Cobb taxpayers will be asked to renew a 1 percent special sales tax in March, a proposal that, if approved, would bring in more than $773 million that school board officials say is needed for capital improvements.
The school board decided Wednesday to put the measure on the ballot. If passed, the Cobb County and Marietta school systems will use the funds from the special purpose local option sales tax to replace several schools, build a college and career academy, upgrade other facilities and purchase textbooks and new technology, according to a list of projects on the district’s website.
The special election sets up another raucous fight in tax-weary Cobb County, where, in 2011, a four-year extension of the county’s SPLOST for parks, recreation and road renovation throughout Cobb passed by only 79 votes.
“That was a grievously flawed proposal, and it’s the same thing here,” said Lance Lamberton, the president of the Cobb County Taxpayers Association. “This plan is full of lard and pork and wants, not needs. It’s deja vu all over again.”
Marietta and Cobb County school boards are asking voters to extend a 1 percent tax that is scheduled to expire at the end of next year. Money from the expiring tax was used to replace three elementary schools and upgrade several facilities.
The election will take place on March 19 and cost Marietta and Cobb County schools $300,000.
Although Cobb and Marietta’s growth has waned, board members and administrators said renewing the five-year tax will allow the district to upgrade dilapidated facilities amid deep state austerity cuts.
“This is a needs-based notebook from front to back,” Chris Ragsdale, the deputy superintendent of operational support, told board members Wednesday.
But critics say the plan is full of “cosmetic” projects that are outside the purview of SPLOST, lacks detail and doesn’t reflect the district’s needs.
Cobb’s 111-page SPLOST proposal includes replacing Walton High School, purchasing $40 million worth of textbooks and $29 million worth of new school buses.

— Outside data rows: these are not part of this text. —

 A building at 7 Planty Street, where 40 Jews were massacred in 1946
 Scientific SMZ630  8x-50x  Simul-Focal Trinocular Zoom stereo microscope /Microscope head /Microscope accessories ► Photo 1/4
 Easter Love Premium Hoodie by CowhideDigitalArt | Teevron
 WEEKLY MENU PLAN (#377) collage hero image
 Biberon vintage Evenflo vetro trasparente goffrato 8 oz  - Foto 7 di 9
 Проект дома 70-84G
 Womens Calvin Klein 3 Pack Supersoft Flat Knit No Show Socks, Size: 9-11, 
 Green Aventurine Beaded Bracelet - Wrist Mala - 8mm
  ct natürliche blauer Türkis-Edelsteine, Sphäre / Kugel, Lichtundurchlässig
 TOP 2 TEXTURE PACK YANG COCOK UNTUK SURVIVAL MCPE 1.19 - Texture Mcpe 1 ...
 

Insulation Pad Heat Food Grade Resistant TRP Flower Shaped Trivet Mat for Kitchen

Marietta City Schools will use its $55 million share to retire debt, renovate their football field and upgrade several facilities and technology.

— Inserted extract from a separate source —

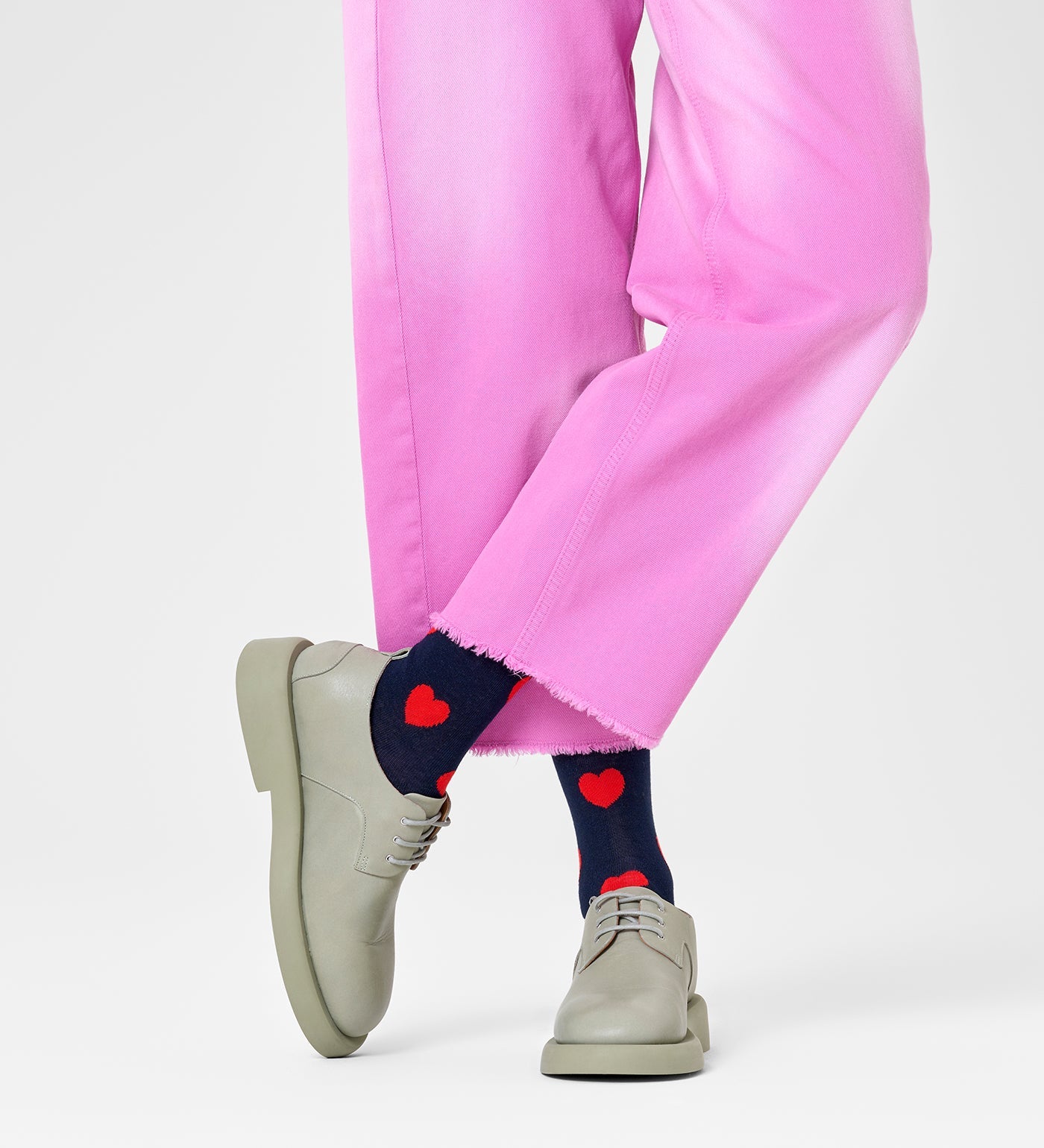 Happy Socks Unisex Heart Crew Length Socks for Women and Men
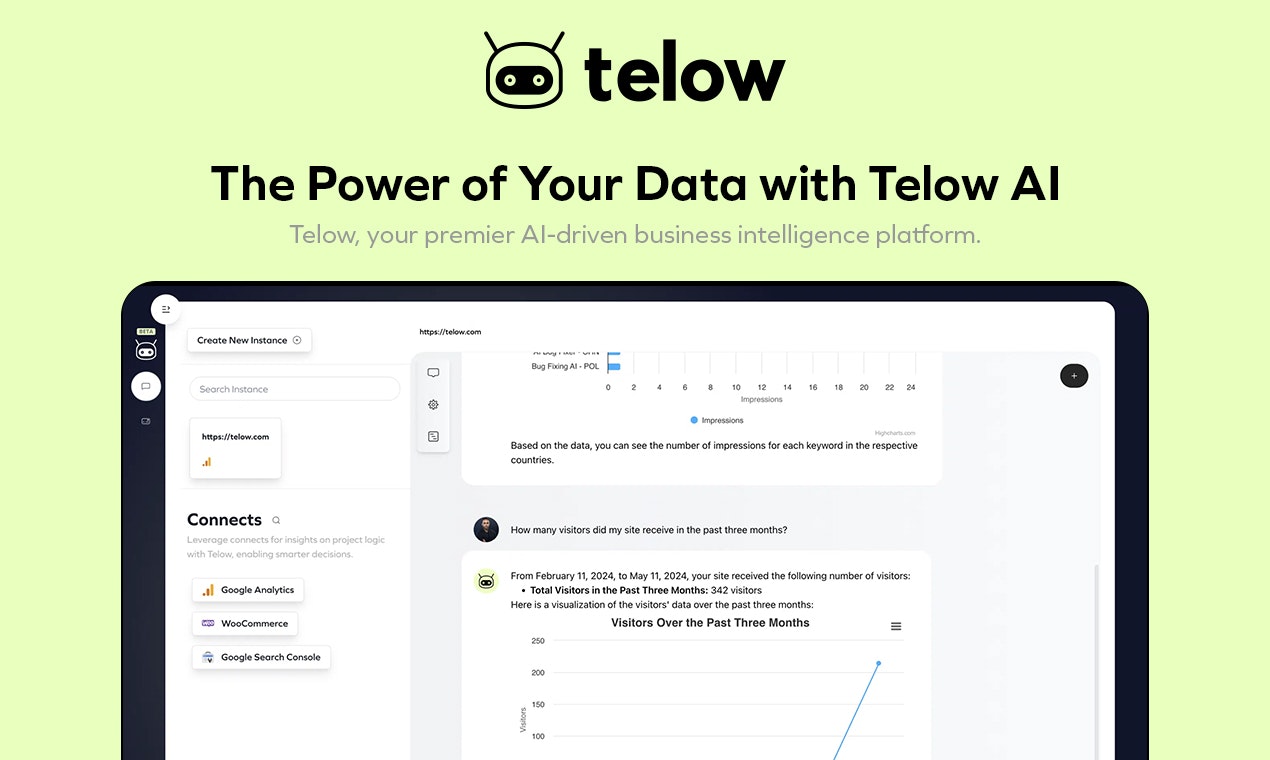 startuptile Telow-Gain actionable intelligence for your business with AI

Tom Maloy, a member of Georgia’s Tea Party and a Cobb County resident, said some of the projects are unnecessary while others, such as the new college and career academy, can be done in existing facilities.
“Rather than determining what is needed to improve our children’s education and then calculating the cost to do so, someone has determined what the maximum tax revenue allowed under the law can be and is now back-filling with questionable projects to spend it,” Maloy said. “That’s not only backwards … it’s inefficient.”
Last year, after the county proposed the special tax for parks and recreation, anti-tax residents mailed literature, waved signs and held a televised debate. Both the local tea party and the Cobb County Taxpayers Association said they will launch a similar campaign against the school districts’ proposal.
Cobb and Marietta school officials can’t advocate for the proposal, said Cobb’s spokesman Jay Dillon. But they will post information about the SPLOST on the Cobb County schools’ website and produce an informational video that shows how SPLOST works by highlighting projects from previous SPLOST initiatives, he said.
Dillon said he anticipates a separate grassroots campaign to be launched by local PTA members.